En conclusion, il faut s’engager dès à présent pour concevoir le bâtiment de demain « agréable et désirable », loin de l’ascétisme du confort minimal. Soit un bâtiment multi-conforts et multi-usages pour que les usagers se l’approprient. L’aspect énergétique et écologique restant l’affaire des concepteurs pour que le bâtiment s’adapte lui-même aux multi-usages et aux multi-utilisations. La réglementation 2020 devant être ainsi construite pour permettre la liberté des modes de vie !
Le bâtiment se met ainsi au service de l’homme, soit une nouvelle façon de l’humaniser ! Placer l’individu au centre de la vision du bâtiment, tel est l’objectif de la réflexion bâtiment responsable (RBR 2020 - 2030).
Soit un bâtiment désirable et créateur de nouvelles valeurs et dans tous les cas, « responsable ». Responsable pour les concepteurs et responsable pour les usagers. Le comportement des usagers est responsabilisé avec plus d’implication et sans doute plus de sens. Nous pouvons disposer d’eau chaude à volonté, ce n’est pas pour cela qu’il faut la gaspiller, mais nous avons la liberté d’en user. Nous pourrions alors parler de gaspillage responsable voire de plaisir responsable, d’autant plus si cette eau chaude est produite par l’énergie solaire et avec une eau provenant d’une récupération d’eau de pluie. De même, si l’énergie de la maison est produite par un toit solaire PV, alors le mot gaspillage n’a même plus son sens premier, car l’énergie solaire en excès utilisée pour la climatisation par exemple, ne prive personne. Sans doute même pas le réseau collectif qui n’en pas besoin en cette période et qui ne l’achètera pas. L’autoconsommation PV démontre ainsi son intérêt et sa responsabilisation à bien des niveaux.
4 - La notion bas carbone est moins palpable et pourtant si utile à plusieurs échelles
Autant l’aspect énergie positive interpelle l’individu aujourd’hui, autant la notion « carbone moins » est beaucoup moins évocatrice, sauf bien entendu pour les spécialistes du bâtiment qui pour le moment se focalisent essentiellement sur l’acte de construire (matériaux, recyclage, …). Les acteurs du tertiaire, notamment dans les bureaux, arguent de leur construction bas carbone pour une communication dite « écologique ». Mais pour tout un chacun, le « carbone moins » de son habitat ne lui parle pas, sinon très peu. Alors comment l’impliquer ?
La réponse est sans doute de considérer le carbone dans sa globalité c'est-à-dire avec les transports et l’alimentation incluse.
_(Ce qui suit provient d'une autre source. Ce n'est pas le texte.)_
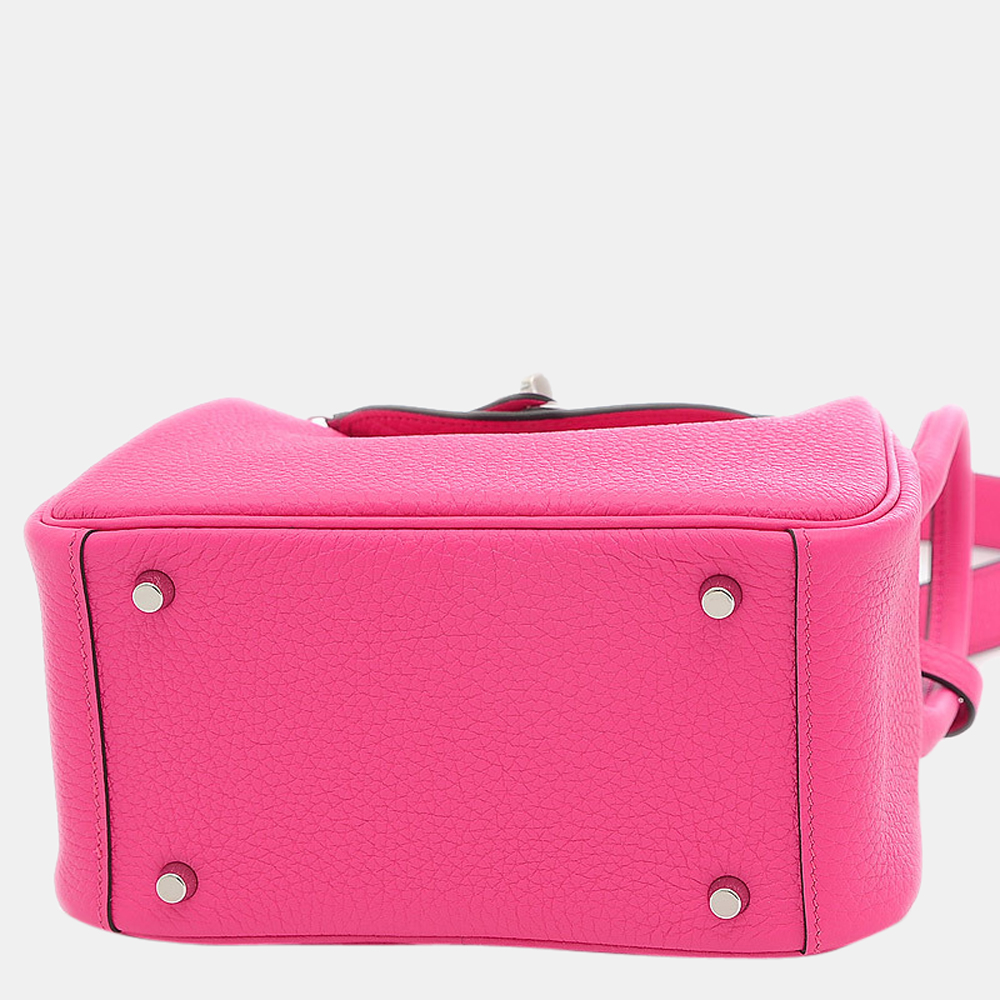 

Hermes Mini Lindy 20 Taurillon Rose Shocking Handbag Shoulder Bag, Pink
Disons que le bâtiment une fois construit, la consommation de carbone se trouve ensuite pratiquement liée aux modes de vie. Est-ce moins vertueux de me chauffer à 21°C que d’acheter des fraises qui viennent d’un lointain pays ? Et de rouler en 4x4 consommant 20 litres au 100 ? La question carbone est en train de se déplacer ou plutôt de s’étendre. Nous ne pouvons pas la traiter que par la réglementation dans le bâtiment.
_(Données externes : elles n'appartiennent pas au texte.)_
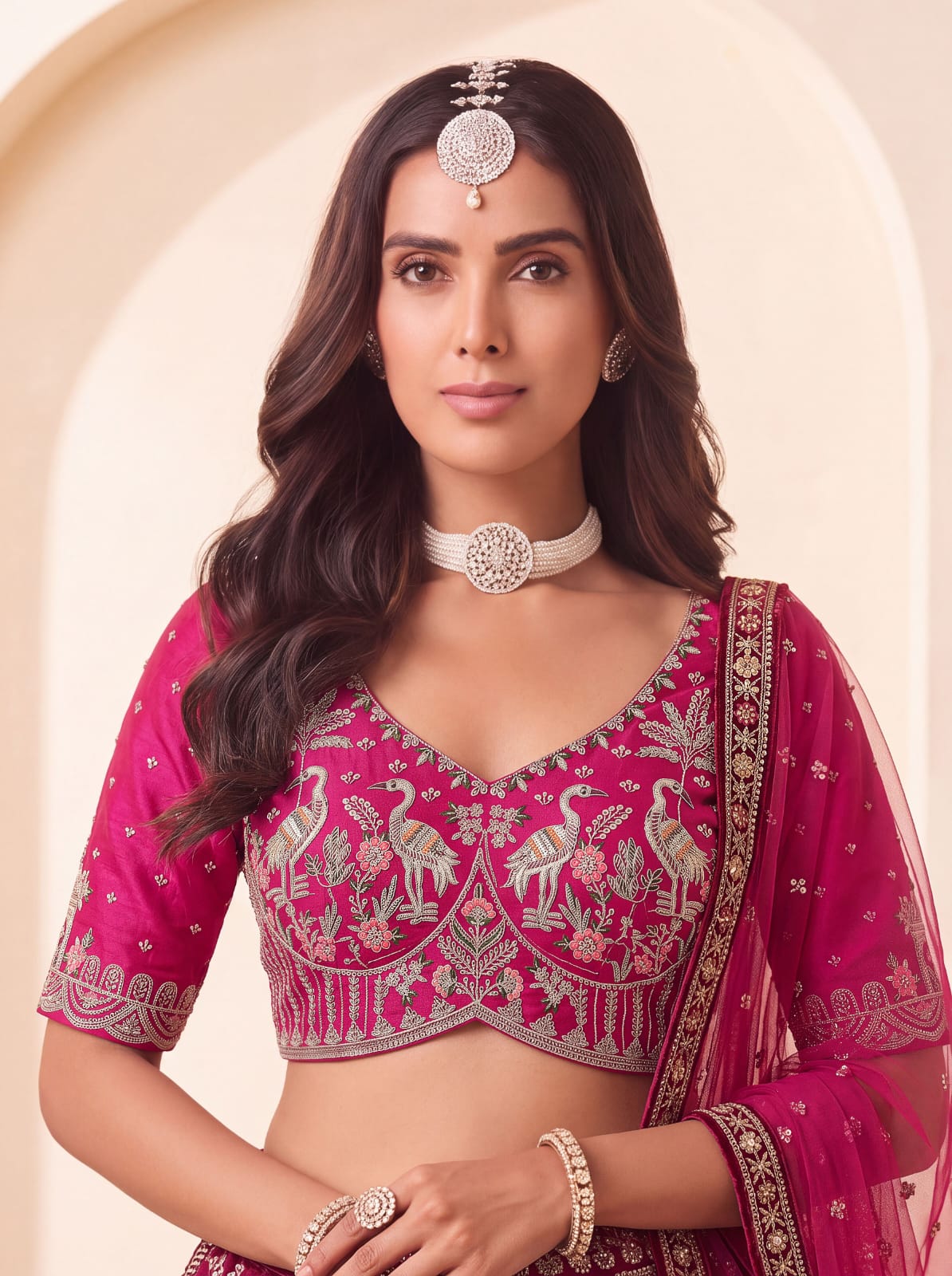 Pink Pure Premium Silk Heavy Beads & Motif Dori Embroidery Zari Sequins Hand Work Bridal Lehenga Choli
Il s’agit de changer de paradigme et d’intégrer que l’unité n’est plus le m² du bâtiment mais la personne et son mode de vie. Ce n’est pas le nombre de m² de la salle de bains qui est important mais le nombre de douches qui sont prises. Même remarque pour une cuisine où la consommation dépend du type de restauration adaptée par l’usager. C’est dans cet esprit que nous avions basculé sur la société 2 000 watts, ce concept qui se rapporte à la personne et non à la surface habitable. Ainsi, il serait limitatif de contraindre la personne sur le « carbone moins » du bâtiment, le C-, sans voir les arbitrages avec l’alimentation, les transports, etc, … Soit une prise en compte étendue des modes de vie de la personne.
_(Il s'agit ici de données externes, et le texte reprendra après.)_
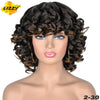 Short Hair Afro Curly Wig With Bangs Loose Synthetic Cosplay Fluffy Shoulder Length Natural Wigs For Black Women Dark Brown 14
Sans oublier des cas et usages spécifiques comme les individus qui ont une résidence secondaire, où ils passent le week-end voire plus, et des cas plus restreints d’individus qui prennent fréquemment l’avion, etc, … Mais actons d’ores et déjà que le véhicule électrique est en passe de devenir un mode de transport de plus en plus étendu. Et imaginons que l’avion pourra devenir solaire dans 30 ans ou du moins hybride.
Alors, il n’y pas de limite à construire le cahier des charges de la prochaine réglementation bâtiment 2020-2030 en envisageant une articulation autour de la réglementation urbaine.
En conclusion, la difficulté de la prochaine réglementation sera la prise en compte globale de l’individu et des modes de vie. C’est une difficulté, mais aussi un challenge extraordinaire.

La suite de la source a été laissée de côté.